Intuitive Surgical, Inc. (NASDAQ:ISRG) Q2 2023 Earnings Call Transcript

Gary Guthart: Yeah, it’s a good question. I think we see that one size doesn’t fit all. There are some folks for whom they still remain happy about capital purchases. They see it as the cheapest way for them to access systems. They have high confidence and they’re going to buy. There are some folks for whom capital is tight or scarce, and — or they’re interested in future technology protection clauses and they would try to lease. And there are some folks who are looking at expansions, are a little bit unsure about how fast volume might ramp and for them uses based arrangements give them some protections about ramp timing and speed. Our analytical capabilities are pretty good and our finance flexibility is pretty good. And as a result, we’ll have that conversation pretty direct way. And I think the market starts to settle where it settles. If you ask, do we have a strong preference for one of those models? The answer is not really.

Jamie Samath: The motivation by the way for the new disclosure was simply the rate at which those adoption of those models have grown, we felt like it was important to be transparent as to what portion of operating leases and placements that structure was. If you kind of assess all of our usage-based arrangements in aggregate, life today relative to usage patterns and economic objectives in total on average they’re slightly above our expectations. So they’ve performed well so far. That’s obviously a blend across different customers and systems, some are overperforming, some are underperforming. But I think part of the way that we operate the program is to look carefully, is it actually reducing barriers for accelerated growth for our customers and is it producing the economic results for us and our customers? And as we and customers have gained confidence, that’s part of the reason why it’s expanded the way it has.

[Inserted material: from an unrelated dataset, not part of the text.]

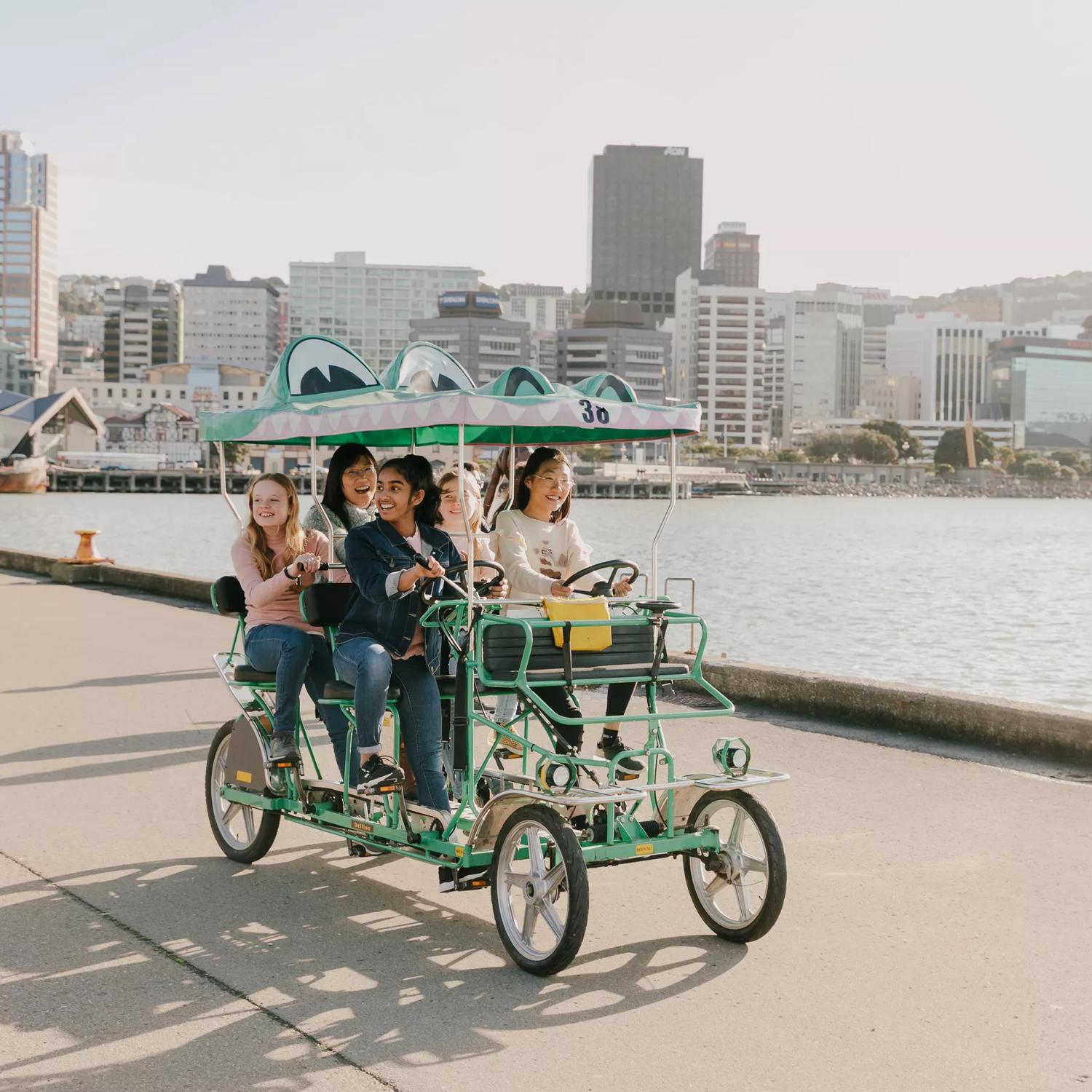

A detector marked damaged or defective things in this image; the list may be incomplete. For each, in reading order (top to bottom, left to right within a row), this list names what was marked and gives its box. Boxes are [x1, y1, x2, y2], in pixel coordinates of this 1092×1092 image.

pavement crack [0, 847, 406, 1088] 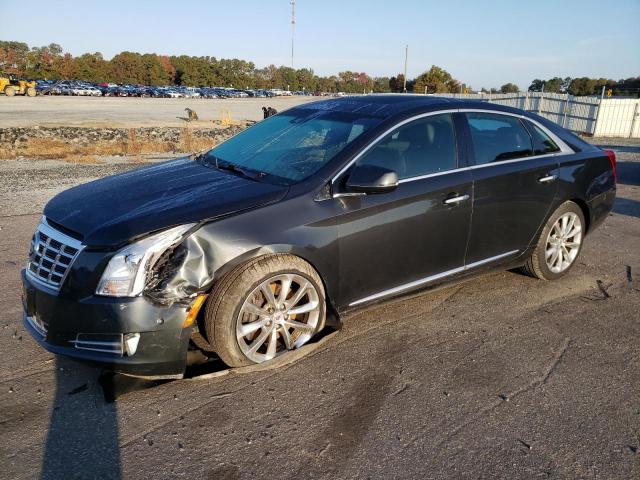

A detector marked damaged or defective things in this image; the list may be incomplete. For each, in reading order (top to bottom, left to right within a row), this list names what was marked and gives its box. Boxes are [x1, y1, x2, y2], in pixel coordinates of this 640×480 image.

damaged front bumper [21, 270, 192, 378]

Ryan Zimmerman: Thank you.

Operator: And we’ll go to the next line. Go to the line of Drew Ranieri, Morgan Stanley. Please go ahead.

Drew Ranieri: You’re squeezing me in here. Maybe just one other follow-up question on bariatrics, but maybe a different angle. I mean we’ve talked to some general surgeons too that they’re kind of suggesting that these new drugs might even open up potential procedure categories where these patients might not have been suited to have surgery. Gary, kind of like, what are your views on this? Do you see some near-term disruption from GLP-1s on the bariatric side, but maybe this opening doors for other procedure categories? Thanks.

Gary Guthart: Yeah. That that’s a little bit of the narrative we’re hearing too. We go out and canvas our customers pretty widely. There may be a role for kind of a new adjuvant use of drugs. And then as you say, that may condition some patient populations to be beneficiaries of surgery downstream. There may be folks who start the drugs, get the benefits that they were hoping for, but either side effects or the costs or the changed lifestyle that drugs are implying, make it hard to sustain. There’s a fair amount of that in the literature. So that may — that population may look for other solutions. I think we’re just going to have to work through it and see. What we don’t see yet is a magic pill, one that cures it and doesn’t require behavior change or other lifestyle modification.

And that — and it seems unlikely. And as a result, I think we’re going to see an adjustment. How long that adjustment period lasts? None of us know. But we know that there will be a role for surgical and mechanical intervention after the fact and I think we’re well positioned. And as Jamie had mentioned, it looks like even in the current environment, the share continues to move our way. So we’re going to stay close to it.

Drew Ranieri: Is there any procedure categories that are coming up in your conversations that stand the most to benefit?